Review: Interpol – A Fine Mess EP


A Fine Mess




Whatever the hell term you want to use in describing Interpol’s status in 2019 – let’s go with post imperial, just for now – they seem to be enjoying themselves more than ever.

The loss of Carlos Dengler seemed at the time more likely to affect the band’s symmetry rather than their output, and the trio’s work since has indeed carried much the same watermark as before, sixth album Marauder as reassuringly monochromatic as ever.

This sense of permanence has always been a big part of the appeal, of course, along with the New Yorker’s fastidious use of decades old weaponry, the grift an eye-of-the-needle skill for turning slight variation into an endlessly satisfying continuum.

A Fine Mess is the bus’ next stop, five songs which originated as part of the Marauder sessions with producer Dave Fridmann but that have been quite deliberately bent a little further out of shape since. Opening with the title track, it’s immediately apparent that some scuffing up has taken place, the normally urbane vocals of Paul Banks grittily frayed, whilst the signature guitar work is more jagged and urgent.

Given the format and timing, you might have expected this to be a diversionary exercise, but as the atmospheres build across the icy, unforgiving Real Life and The Weekend’s evident paranoia (‘Please say this whole adventure is dialling in/The deep state, it’s all self-interest, leave it there’), the weight of contrary evidence is enough to have obsessives saluting the credentials of a unique chapter.

These are, however, men of process.
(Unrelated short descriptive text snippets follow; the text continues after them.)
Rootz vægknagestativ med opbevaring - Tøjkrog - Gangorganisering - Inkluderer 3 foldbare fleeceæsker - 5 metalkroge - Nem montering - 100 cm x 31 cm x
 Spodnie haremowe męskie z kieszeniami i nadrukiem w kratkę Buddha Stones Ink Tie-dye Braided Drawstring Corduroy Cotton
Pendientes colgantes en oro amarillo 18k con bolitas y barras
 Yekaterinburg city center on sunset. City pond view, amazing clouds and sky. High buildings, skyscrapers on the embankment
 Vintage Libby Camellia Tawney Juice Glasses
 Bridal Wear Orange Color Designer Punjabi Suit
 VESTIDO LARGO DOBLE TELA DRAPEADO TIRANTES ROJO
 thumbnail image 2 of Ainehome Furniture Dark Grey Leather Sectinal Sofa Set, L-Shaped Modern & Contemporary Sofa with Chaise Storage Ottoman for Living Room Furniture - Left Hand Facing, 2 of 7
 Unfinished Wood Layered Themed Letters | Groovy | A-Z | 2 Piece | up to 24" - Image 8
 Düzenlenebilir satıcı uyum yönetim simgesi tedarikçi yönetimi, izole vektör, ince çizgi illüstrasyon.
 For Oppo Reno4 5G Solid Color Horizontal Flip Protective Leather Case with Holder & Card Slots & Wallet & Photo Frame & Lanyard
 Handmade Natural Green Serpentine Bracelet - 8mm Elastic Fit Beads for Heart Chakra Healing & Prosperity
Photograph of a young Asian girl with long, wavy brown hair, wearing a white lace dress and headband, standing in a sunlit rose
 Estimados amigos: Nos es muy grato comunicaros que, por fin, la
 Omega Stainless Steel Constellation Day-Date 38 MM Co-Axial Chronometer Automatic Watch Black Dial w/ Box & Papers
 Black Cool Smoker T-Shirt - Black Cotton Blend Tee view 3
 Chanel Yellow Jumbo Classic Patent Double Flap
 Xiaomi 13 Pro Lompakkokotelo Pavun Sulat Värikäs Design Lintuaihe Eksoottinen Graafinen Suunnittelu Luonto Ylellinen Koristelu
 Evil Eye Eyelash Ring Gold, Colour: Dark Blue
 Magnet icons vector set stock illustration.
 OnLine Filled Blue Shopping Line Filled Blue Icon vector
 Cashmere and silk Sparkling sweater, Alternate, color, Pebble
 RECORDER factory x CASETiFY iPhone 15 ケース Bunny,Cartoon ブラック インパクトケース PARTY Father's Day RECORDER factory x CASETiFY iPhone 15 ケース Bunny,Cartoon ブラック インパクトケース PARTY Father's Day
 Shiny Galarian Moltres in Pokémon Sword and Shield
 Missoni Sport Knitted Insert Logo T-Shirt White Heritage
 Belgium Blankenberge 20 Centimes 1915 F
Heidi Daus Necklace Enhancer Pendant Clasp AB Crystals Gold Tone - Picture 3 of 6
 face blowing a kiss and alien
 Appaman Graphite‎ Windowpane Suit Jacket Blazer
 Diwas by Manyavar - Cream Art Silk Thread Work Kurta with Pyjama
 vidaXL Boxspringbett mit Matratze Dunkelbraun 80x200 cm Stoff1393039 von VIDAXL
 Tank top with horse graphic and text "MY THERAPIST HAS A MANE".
No Big Deal features a slight loosening of the tourniquet and flits ‘From the beach..to the strip club’ as a salute to Banks & co.’s grandest traditions; closer Thrones could’ve been plucked from almost any location in the post-Dengler canon.

There’s something vaguely oxymoronic about its title that suits a Fine Mess perfectly; controlled but sometimes a little frantic, heading for a familiar line on the horizon but taking the scenic route to get there.

There are a dozen metaphors to describe where Interpol are at any given moment, but letting the grass grow under their feet isn’t one of them.